Il y a plus de liberté dans un texte où l'auteur a tout surveillé et dont il a soumis chaque mot à plusieurs servitudes que dans la page qui pour ainsi dire lui échappa, tant il laissa courir la plume, et qui fut écrite en dehors de tout soin et de sa conscience même, comme en transes. Elle ne contient à la fin que scories, manies, modes, préjugés et mécanismes, tous déchets qu'un peu d'attention eût filtrés.

Pour une part, les grands artistes sont ceux qui surent imaginer à leur usage de nouvelles entraves. Du reste, ne les conçoit pas qui veut : rien ne demande plus de science. Car il faut qu'elles soient bien adaptées au but qu'on s'efforce d'atteindre et qu'on sache vaincre les difficultés qu'elles entraînent. C'est pour tel effet qu'on eut besoin de chacune. Elles sont des outils, non des fins. Leur rôle est de rendre service. A elles seules, elles ne sont d'aucun bénéfice, elles ne donnent de talent à personne. Celui qui les suit doit savoir d'abord ce qu'il attend de son obéissance. S'il est docile ou aveugle, elles ne font que l'embarrasser. Car ce sont des outils, encore une fois : il faut connaître leur usage et imaginer d'avance le profit qu'on entend retirer de leur emploi.
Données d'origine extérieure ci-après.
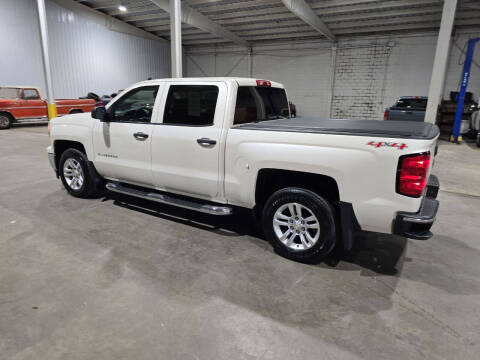 2014 Chevrolet Silverado 1500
Mais je reste chargé de chaînes, dira-t-on. Soit. Au moins me les suis-je fabriquées de bon gré et sur mesure. J'ai tout calculé, forme, matière et poids. C'est volontairement, enfin, que je les porte. Ne soupçonnez-vous pas que j'en espère de bons résultats ? En réalité, j'ai dessein de ne pas faire de mouvements désordonnés. Je crains de pécher par trop de légèreté. Je m'alourdis donc et me protège ainsi de gesticuler.

Mais si je désire danser ? D'abord, je ne le veux pas. Le voudrais-je, je rejetterais sans tarder ces chaînes devenues nuisibles, mais pour en chercher d'autres, qui conviennent à mon nouveau projet : cadence, rythme, que sais-je ? les diverses lois des mouvements et des attitudes.

Il me faut maintenant apprivoiser la pesanteur, comme je devais tout à l'heure craindre d'être trop léger. Mais je ne puis davantage me permettre la gesticulation. Direz-vous que je suis esclave ? Vous n'entendez rien à la liberté dont vous parlez tant. Car si l'on m'opprime, je me cabre. Il va de soi. Ici rien ne m'est interdit, si je n'y consens, mieux, si je ne le décide. Je suis seigneur et maître. C'est trop. Je me défie de cette toute-puissance. Je sais la rançon de tout abus facile. Aussi, pour bien étreindre, je borne de moi-même mes embrassements.

Et puis, je n'estime guère la gesticulation.